Thank you Perry and Paul! Regarding the Woodwinds: yes, they might sometimes get a little lost in this mix. but this was due to my effort to particularly feature the brass for this piece. I have gotten so many valuable advices on this piece here and other places. Although I will probably not review it soon, it helps a lot for future mockups.
And, yes: This piece is exclusively Orchestral Tools libraries:
Berlin Woodwinds, Berlin Brass, Berlin Percussion, Berlin Strings and the Harp from Symphonic Sphere. From the Berlin Series there are also some of the expansions included.


----------



## Atomboy (Nov 28, 2016)

Awesome job FriFlo!!! As a huge JW fan I love the sound, what reverb did you use in your piece? And any eq or mastering you may applied?
Cheers


----------



## FriFlo (Nov 28, 2016)

Thanks, Atomboy. I used some Cubase standard EQ to balance some frequencies a little more and for the group tracks some Manley Massive Passive. The Reverb is Bricasti. But these are just the tools I happen to use. It is not the main point of how this demo sounds, which is the orchestration and composition, the library and the way it is used. I also did some slight adjustments on the stereo master, but I would never call that mastering!  Mastering is done by people dedicated to that job and they need a room designed for that purpose only lots of experience and proper tools. What we composers do is wanna-be-mastering at max. The same goes partly for mixing, if you ask me. If I would have the budget for a given project, I would always look to hire someone specialized at that. However, there rarely is any serious budget for music these days ...


----------



## Atomboy (Nov 28, 2016)

FriFlo said:


> Thanks, Atomboy.
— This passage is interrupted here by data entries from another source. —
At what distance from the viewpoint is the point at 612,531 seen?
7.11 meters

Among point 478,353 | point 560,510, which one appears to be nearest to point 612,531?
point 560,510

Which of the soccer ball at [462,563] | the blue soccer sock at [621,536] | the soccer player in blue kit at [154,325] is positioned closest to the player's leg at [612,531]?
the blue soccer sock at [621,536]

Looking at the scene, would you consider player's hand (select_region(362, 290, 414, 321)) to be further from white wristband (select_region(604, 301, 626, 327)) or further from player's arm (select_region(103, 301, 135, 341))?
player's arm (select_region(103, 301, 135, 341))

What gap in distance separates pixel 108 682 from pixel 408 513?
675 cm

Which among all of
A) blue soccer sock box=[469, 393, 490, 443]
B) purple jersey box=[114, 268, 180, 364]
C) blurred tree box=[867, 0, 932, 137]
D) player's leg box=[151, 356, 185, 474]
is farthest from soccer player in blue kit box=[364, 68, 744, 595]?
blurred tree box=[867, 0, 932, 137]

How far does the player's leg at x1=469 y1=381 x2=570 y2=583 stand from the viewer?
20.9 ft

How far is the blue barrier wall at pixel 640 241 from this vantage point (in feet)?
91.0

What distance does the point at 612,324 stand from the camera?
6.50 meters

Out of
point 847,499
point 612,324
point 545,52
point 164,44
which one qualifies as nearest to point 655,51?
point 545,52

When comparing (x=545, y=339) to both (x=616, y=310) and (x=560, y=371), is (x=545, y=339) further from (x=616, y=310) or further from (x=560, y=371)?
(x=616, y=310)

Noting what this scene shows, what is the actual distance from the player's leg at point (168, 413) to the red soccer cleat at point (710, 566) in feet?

I used some Cubase standard EQ to balance some frequencies a little more and for the group tracks some Manley Massive Passive. The Reverb is Bricasti. But these are just the tools I happen to use. It is not the main point of how this demo sounds, which is the orchestration and composition, the library and the way it is used. I also did some slight adjustments on the stereo master, but I would never call that mastering!  Mastering is done by people dedicated to that job and they need a room designed for that purpose only lots of experience and proper tools. What we composers do is wanna-be-mastering at max. The same goes partly for mixing, if you ask me. If I would have the budget for a given project, I would always look to hire someone specialized at that. However, there rarely is any serious budget for music these days ...


Thank you


----------



## dan1 (Jan 7, 2017)

FriFlo said:


> little


little?! it's bigger than huge!


----------



## FriFlo (Jan 8, 2017)

Thanks, Dan!


----------